#### WORK INSTRUCTIONS:
If pictures appear in the lines below, skip them and copy exactly the lines from the one containing "Eglo - Plafón LED de baño LED/20W/230V IP44" through the one containing "Caston gears for", and nothing else.

***** INFORMATION GIVEN *****

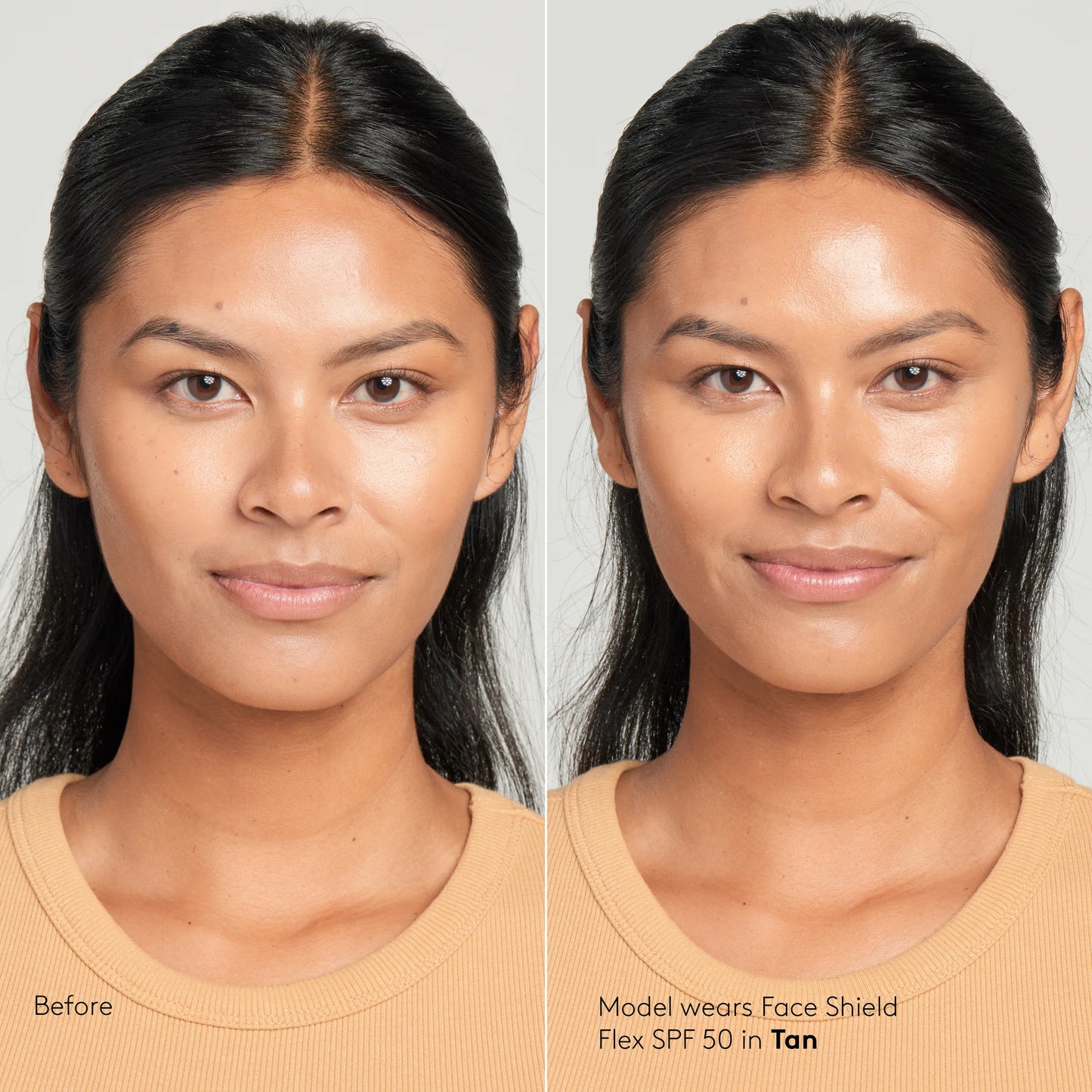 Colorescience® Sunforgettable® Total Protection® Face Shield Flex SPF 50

*****
***** INFORMATION GIVEN *****

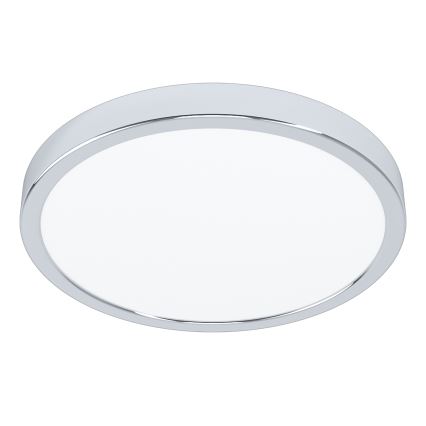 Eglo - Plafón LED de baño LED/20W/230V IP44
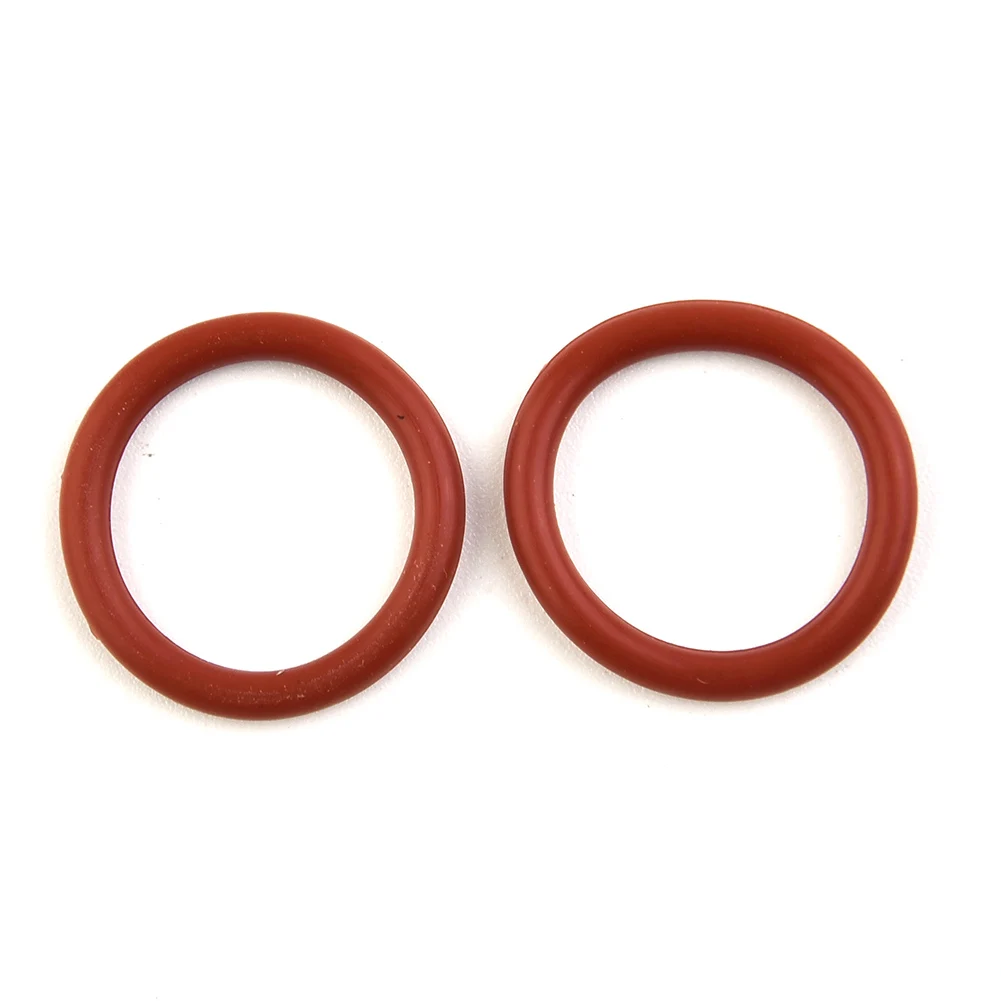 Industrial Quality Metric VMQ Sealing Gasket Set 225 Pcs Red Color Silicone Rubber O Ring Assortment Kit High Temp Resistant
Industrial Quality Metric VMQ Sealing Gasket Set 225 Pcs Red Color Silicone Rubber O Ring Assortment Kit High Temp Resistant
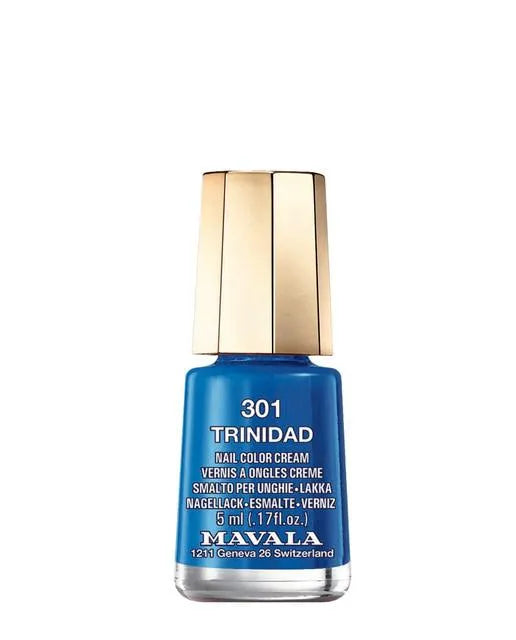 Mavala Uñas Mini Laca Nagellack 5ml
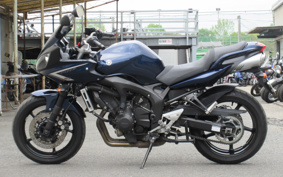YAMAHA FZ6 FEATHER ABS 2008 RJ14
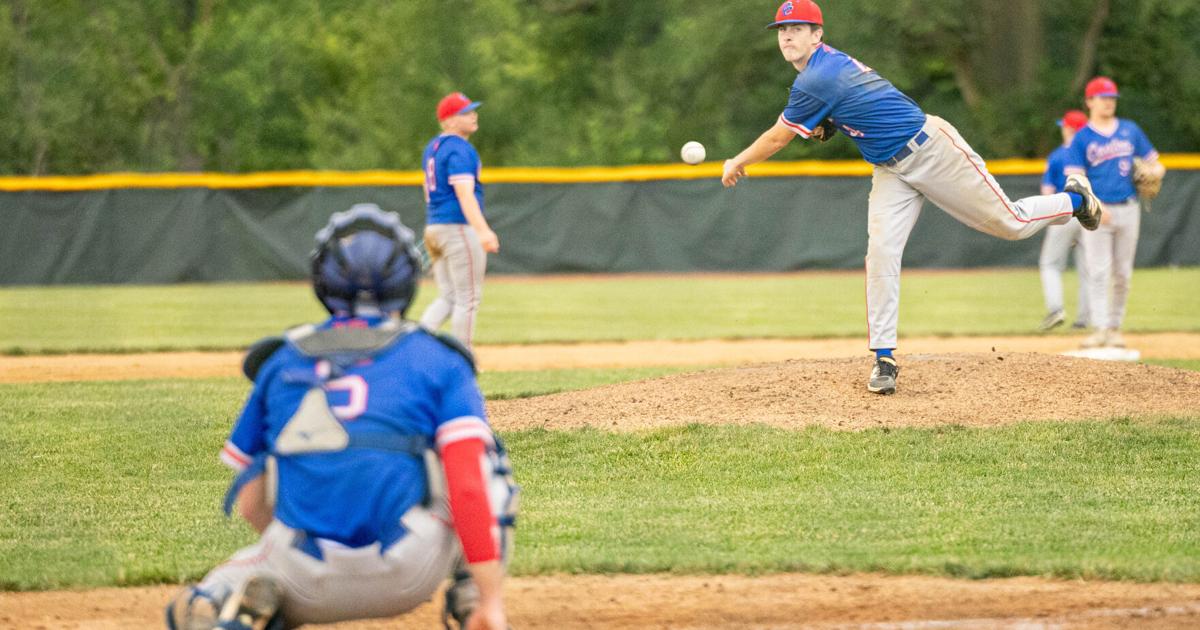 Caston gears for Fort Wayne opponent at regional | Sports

*****

#### EXPECTED OUTPUT:
 Eglo - Plafón LED de baño LED/20W/230V IP44
 Industrial Quality Metric VMQ Sealing Gasket Set 225 Pcs Red Color Silicone Rubber O Ring Assortment Kit High Temp Resistant
Industrial Quality Metric VMQ Sealing Gasket Set 225 Pcs Red Color Silicone Rubber O Ring Assortment Kit High Temp Resistant
 Mavala Uñas Mini Laca Nagellack 5ml
YAMAHA FZ6 FEATHER ABS 2008 RJ14
 Caston gears for Fort Wayne opponent at regional | Sports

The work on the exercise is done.